Gli fa eco Giorgio Airaudo, segretario regionale della Cgil, ricordando i tanti appelli lanciati a vuoto dal sindacato per salvare l’auto a Torino ma anche le parole di Sergio Marchionne, l’artefice dell’ultimo rilancio Fiat quando il futuro della Fabbrica italiana automobili Torino sembrava già segnato da bilanci in profondo rosso: «Non possiamo allearci con francesi o tedeschi perché altrimenti perdiamo il comando dell’azienda. Loro sono più forti di noi». E un po’ tutti nella platea del dibattito organizzato da Banca d’Italia all’auditorium Vivaldi per presentare il Rapporto sul Piemonte hanno capito che quel che Luca di Montezemolo, uno che in passato è stato anche presidente di Fiat e di Ferrari va dicendo da tempo non è nient’altro che la verità: «Stellantis è un gruppo francese, l’auto italiana non esiste più. A parte la Ferrari» Di colpo, però, è come se si fosse alzato un velo, come se un certo comportamento tipico dell’understatement torinese - tutti sanno ma nessuno dice – fosse stato per una volta violato. La Fiat non c'è più.
Ma, forse, bisogna ripartire da qui, da questa certezza per aprire finalmente le porte a un altro costruttore che sembra l’unica strada per garantire un futuro a quella che per anni è stata la più importante industria manifatturiera d’Italia e che aveva fatto del Piemonte - oggi il Sud del Nord - una delle locomotive del Paese. Che possa essere cinese – come hanno ricordato in due interviste a Mondo Economico Silvio Angori, ad di Pininfarina e Gianmarco Giorda direttore generale dell’Anfia – ci sono pochi dubbi ma a patto di muoversi in fretta.«Il gruppo Byd per esempio sta già trattando per l’apertura di quattro stabilimenti in Europa con Germania, Francia, Spagna e Bulgaria. Con annesse gigafactory. Noi non ci siamo. Cosa fa il nostro governo?» dice Airaudo.

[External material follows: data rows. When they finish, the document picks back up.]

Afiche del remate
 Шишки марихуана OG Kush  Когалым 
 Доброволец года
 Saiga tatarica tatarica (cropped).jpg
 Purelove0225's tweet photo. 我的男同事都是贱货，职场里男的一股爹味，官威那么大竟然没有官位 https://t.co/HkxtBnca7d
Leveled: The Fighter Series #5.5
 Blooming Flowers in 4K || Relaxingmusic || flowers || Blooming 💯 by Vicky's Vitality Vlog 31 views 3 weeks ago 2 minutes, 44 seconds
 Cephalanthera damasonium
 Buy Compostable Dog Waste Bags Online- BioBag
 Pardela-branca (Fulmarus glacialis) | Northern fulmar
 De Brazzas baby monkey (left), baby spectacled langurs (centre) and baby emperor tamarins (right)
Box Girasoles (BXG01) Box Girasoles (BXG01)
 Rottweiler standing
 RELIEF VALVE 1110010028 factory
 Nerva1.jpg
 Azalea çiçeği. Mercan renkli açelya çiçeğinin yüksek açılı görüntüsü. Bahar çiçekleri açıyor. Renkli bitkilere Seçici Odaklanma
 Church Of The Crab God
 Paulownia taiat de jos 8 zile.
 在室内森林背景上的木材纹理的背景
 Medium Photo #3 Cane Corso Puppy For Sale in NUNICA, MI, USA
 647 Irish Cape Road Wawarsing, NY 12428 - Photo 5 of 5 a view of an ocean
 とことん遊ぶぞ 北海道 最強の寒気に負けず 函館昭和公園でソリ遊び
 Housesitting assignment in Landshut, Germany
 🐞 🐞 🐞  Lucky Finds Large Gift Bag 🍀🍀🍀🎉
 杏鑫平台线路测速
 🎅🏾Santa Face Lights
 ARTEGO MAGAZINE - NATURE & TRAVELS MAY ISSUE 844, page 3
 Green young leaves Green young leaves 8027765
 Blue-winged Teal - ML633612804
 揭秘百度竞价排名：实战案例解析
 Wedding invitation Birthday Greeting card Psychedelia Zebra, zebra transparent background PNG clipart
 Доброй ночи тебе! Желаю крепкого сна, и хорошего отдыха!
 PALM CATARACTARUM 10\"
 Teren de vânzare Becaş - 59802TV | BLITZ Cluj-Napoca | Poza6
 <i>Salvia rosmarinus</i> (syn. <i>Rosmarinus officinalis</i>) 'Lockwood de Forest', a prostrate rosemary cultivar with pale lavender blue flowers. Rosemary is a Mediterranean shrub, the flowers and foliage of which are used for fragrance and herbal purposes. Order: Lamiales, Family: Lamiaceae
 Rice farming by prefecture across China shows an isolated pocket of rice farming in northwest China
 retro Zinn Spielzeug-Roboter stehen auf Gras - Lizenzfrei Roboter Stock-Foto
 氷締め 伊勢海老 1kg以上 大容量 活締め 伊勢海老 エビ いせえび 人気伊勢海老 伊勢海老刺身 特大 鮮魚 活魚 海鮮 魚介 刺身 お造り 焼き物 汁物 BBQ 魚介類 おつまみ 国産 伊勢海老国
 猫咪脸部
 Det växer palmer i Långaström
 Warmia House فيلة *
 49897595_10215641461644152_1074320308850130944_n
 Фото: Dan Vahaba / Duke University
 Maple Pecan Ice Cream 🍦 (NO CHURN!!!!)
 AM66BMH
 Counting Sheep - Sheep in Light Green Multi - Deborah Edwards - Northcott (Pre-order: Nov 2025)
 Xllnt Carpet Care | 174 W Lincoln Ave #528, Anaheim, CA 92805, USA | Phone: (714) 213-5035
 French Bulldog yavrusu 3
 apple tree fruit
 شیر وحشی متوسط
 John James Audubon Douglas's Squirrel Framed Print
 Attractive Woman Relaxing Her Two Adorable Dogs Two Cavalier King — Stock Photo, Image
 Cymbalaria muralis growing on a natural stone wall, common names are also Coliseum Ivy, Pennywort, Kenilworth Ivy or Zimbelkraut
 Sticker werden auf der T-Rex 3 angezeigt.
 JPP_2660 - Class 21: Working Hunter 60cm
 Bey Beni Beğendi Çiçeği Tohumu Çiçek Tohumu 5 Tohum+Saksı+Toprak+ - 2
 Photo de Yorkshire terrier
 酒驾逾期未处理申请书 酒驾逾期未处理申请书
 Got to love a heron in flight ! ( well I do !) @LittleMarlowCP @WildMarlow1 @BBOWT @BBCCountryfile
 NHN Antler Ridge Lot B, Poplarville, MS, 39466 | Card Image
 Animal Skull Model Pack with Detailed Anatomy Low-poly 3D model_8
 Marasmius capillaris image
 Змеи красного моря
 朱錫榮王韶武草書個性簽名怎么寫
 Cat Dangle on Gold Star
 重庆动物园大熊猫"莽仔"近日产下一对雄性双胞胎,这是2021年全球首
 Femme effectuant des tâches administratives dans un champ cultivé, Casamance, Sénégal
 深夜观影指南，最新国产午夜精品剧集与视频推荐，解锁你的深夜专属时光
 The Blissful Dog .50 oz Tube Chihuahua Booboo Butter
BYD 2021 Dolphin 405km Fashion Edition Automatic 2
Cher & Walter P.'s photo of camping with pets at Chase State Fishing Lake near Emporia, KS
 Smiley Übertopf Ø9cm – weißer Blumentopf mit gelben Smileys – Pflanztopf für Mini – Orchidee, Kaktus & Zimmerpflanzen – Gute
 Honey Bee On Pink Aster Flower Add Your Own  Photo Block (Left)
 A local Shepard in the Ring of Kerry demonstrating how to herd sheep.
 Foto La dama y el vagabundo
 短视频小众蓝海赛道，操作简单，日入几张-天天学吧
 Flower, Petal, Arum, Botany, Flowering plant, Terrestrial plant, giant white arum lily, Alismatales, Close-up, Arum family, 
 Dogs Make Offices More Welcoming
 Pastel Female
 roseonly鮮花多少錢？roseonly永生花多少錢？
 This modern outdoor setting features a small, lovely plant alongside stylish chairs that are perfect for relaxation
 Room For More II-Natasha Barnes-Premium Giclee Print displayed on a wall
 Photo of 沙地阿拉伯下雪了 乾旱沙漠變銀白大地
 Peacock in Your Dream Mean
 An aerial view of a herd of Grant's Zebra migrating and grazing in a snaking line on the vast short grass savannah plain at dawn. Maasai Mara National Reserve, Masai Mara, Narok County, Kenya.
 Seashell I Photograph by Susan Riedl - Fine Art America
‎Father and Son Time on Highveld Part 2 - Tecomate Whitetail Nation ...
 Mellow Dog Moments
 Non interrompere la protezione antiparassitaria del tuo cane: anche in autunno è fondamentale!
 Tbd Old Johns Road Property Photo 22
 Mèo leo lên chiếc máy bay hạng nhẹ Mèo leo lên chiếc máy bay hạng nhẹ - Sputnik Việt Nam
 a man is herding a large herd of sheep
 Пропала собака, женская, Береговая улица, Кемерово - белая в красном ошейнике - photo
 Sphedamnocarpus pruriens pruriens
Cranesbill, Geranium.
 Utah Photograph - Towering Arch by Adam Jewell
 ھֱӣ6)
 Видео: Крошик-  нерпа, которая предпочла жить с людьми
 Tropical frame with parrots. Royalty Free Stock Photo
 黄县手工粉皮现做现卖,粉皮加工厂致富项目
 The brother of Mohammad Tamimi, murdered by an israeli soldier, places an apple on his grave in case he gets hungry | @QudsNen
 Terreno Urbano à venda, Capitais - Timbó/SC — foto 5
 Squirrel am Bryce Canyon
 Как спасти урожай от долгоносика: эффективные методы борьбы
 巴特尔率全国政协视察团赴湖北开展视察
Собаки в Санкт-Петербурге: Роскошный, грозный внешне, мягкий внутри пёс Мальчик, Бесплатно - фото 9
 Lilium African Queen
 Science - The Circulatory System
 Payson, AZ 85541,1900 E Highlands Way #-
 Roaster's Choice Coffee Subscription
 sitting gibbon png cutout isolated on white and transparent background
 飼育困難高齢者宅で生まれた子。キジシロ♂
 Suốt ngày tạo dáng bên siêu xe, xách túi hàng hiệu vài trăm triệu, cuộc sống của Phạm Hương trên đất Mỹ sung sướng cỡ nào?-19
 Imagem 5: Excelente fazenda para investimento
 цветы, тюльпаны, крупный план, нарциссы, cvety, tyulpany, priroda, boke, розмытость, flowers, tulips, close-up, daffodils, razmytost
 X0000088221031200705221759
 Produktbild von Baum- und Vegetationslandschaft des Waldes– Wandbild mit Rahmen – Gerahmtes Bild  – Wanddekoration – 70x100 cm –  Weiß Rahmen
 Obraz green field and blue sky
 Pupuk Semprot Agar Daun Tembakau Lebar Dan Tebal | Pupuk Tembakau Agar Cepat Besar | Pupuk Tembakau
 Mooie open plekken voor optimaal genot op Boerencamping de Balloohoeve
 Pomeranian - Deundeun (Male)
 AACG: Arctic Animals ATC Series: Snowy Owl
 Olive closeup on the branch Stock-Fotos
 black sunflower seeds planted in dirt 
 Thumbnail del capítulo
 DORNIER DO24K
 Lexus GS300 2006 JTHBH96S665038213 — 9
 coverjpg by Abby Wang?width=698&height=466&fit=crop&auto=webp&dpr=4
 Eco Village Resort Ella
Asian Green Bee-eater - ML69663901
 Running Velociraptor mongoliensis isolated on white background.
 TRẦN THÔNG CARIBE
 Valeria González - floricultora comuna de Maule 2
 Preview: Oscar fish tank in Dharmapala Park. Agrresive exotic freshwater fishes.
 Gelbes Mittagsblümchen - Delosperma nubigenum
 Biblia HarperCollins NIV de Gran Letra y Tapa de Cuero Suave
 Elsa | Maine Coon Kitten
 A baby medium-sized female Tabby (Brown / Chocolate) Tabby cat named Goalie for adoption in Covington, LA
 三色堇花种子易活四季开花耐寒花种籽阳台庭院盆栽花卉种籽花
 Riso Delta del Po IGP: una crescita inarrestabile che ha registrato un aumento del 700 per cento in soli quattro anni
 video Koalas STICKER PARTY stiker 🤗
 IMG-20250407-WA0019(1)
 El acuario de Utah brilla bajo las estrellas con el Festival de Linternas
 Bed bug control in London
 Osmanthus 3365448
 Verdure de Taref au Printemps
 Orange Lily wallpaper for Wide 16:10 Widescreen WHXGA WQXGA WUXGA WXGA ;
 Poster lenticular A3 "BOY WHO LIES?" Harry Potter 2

Alla concretezza guarda anche Boglione. Torino - è la sua iniezione di ottimismo - ha ancora tanti atout da spendere, ma bisogna darsi da fare. Mettere da parte gli annunci e lavorare per dare una visione alla città. Ecco quel che l’imprenditore dell’abbigliamento ripete più volte quasi a sottolineare un difetto di cui questi tempi non proprio felici sono figli: la mancanza di una visione, di un’idea per il domani. Ed è pronto a moltiplicare i tavoli pur di raggiungere i buoni risultati ottenuti con Turismo Torino e Film commission. Airaudo sposa questa concretezza come antidoto all’annuncite che sembra aver colpito in primis la politica: tante promesse (leggi gigafactory e Intel) e zero risultati. E con il lavoro precario che avanza, tanto che, di nuovo, in Piemonte le retribuzioni sono più basse del resto del Nord Italia. Ma c’è la convinzione che Torino ce la possa ancora fare. Un’altra volta. La città che inventa e non trattiene può rilanciarsi. E Boglione vede nella Torino-Lione il treno verso il futuro. Anche se arriverà in ritardo rispetto all’orario di marcia annunciato. Come molte altre infrastrutture del Piemonte. Parco della Salute e Asti-Cuneo dicono qualcosa?